From mboxrd@z Thu Jan  1 00:00:00 1970
Return-Path: <linux-kernel-owner@vger.kernel.org>
Received: (majordomo@vger.kernel.org) by vger.kernel.org via listexpand
	id S1753049AbbEHOVO (ORCPT <rfc822;w@1wt.eu>);
	Fri, 8 May 2015 10:21:14 -0400
Received: from foss.arm.com ([217.140.101.70]:53131 "EHLO foss.arm.com"
	rhost-flags-OK-OK-OK-OK) by vger.kernel.org with ESMTP
	id S1752485AbbEHOVN (ORCPT <rfc822;linux-kernel@vger.kernel.org>);
	Fri, 8 May 2015 10:21:13 -0400
Date: Fri, 8 May 2015 15:21:08 +0100
From: Will Deacon <will.deacon@arm.com>
To: Arnaldo Carvalho de Melo <acme@kernel.org>
Cc: Peter Zijlstra <peterz@infradead.org>, Ingo Molnar <mingo@kernel.org>,
        David Ahern <dsahern@gmail.com>, Jiri Olsa <jolsa@redhat.com>,
        Namhyung Kim <namhyung@gmail.com>,
        Linux Kernel Mailing List <linux-kernel@vger.kernel.org>
Subject: Re: Question about barriers for ARM on tools/perf/
Message-ID: <20150508142107.GA25587@arm.com>
References: <20150508140459.GI7862@kernel.org>
MIME-Version: 1.0
Content-Type: text/plain; charset=us-ascii
Content-Disposition: inline
In-Reply-To: <20150508140459.GI7862@kernel.org>
User-Agent: Mutt/1.5.23 (2014-03-12)
Sender: linux-kernel-owner@vger.kernel.org
List-ID: <linux-kernel.vger.kernel.org>
X-Mailing-List: linux-kernel@vger.kernel.org

On Fri, May 08, 2015 at 03:04:59PM +0100, Arnaldo Carvalho de Melo wrote:
> Hi Will,

Hi Arnaldo,

> 	I am working on moving the stuff we have for mb/rmb/wmb from
> tools/perf/perf-sys.h to tools/include/asm/barrier.h, redirecting
> to tools/arch/$ARCH/include/asm/barrier.h, to make it look like the
> kernel and who knows, at some point even share the source code.
> 
> 	For now I am getting just what is needed for work on having
> atomic.h done in the same fashion, to implement refcounts for various
> perf data structures, starting with struct thread, for which I have
> a patch that makes perf survive in high core count machines where it
> currently crashes, most nobably 'perf top'.

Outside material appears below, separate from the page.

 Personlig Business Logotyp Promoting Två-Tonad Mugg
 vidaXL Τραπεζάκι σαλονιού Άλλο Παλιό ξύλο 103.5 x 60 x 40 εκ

Sharing atomic.h with userspace sounds a bit scary to me. I'm currently
working on patches that involve patching those routines at runtime to
enable use of some new instructions that we have, so that would cause
problems for userspace.

> 	While doing that I noticed that arm64 implementation, lastly
> fixed in:
> 
>   f428ebd184c82a7914b2aa7e9f868918aaf7ea78
>   perf tools: Fix AAAAARGH64 memory barriers
> 
> By peterz, it implements those barriers as:
> 
> #define mb()            asm volatile("dmb ish" ::: "memory")
> #define wmb()           asm volatile("dmb ishst" ::: "memory")
> #define rmb()           asm volatile("dmb ishld" ::: "memory")
> 
> Which are not the same as in the kernel, i.e. in
> arch/arm64/include/asm/barrier.h, where the above are really smp_mb,
> smp_wmb and smp_rmb.
> 
> Would it be enough for us to use the same implementation as the kernel?
> I.e. make it be:
> 
> #define mb()            asm volatile("dsb sy" ::: "memory")
> #define wmb()           asm volatile("dsb st" ::: "memory")
> #define rmb()           asm volatile("dsb ld" ::: "memory")
> 
> ? If so I would then use those dsb/dmb macros, etc, to get tools/ to use
> the proper instructions, etc.

The mandatory barriers (i.e. the non-smp_* versions) are used for ordering
between CPUs and I/O, so they have a significantly higher performance
penalty on ARM. Given that the perf tool assumedly only cares about ordering
between CPUs, the smp_* variants are the correct versions to use. However,
on a !SMP kernel, they become nops (compiler barriers), which is why they
are defined like they are at the moment.

> I need now, for arm64, smp_mb, that is used by atomic_sub_return(), that
> in turn is used by atomic_dec_and_test(), that I need for refcounts.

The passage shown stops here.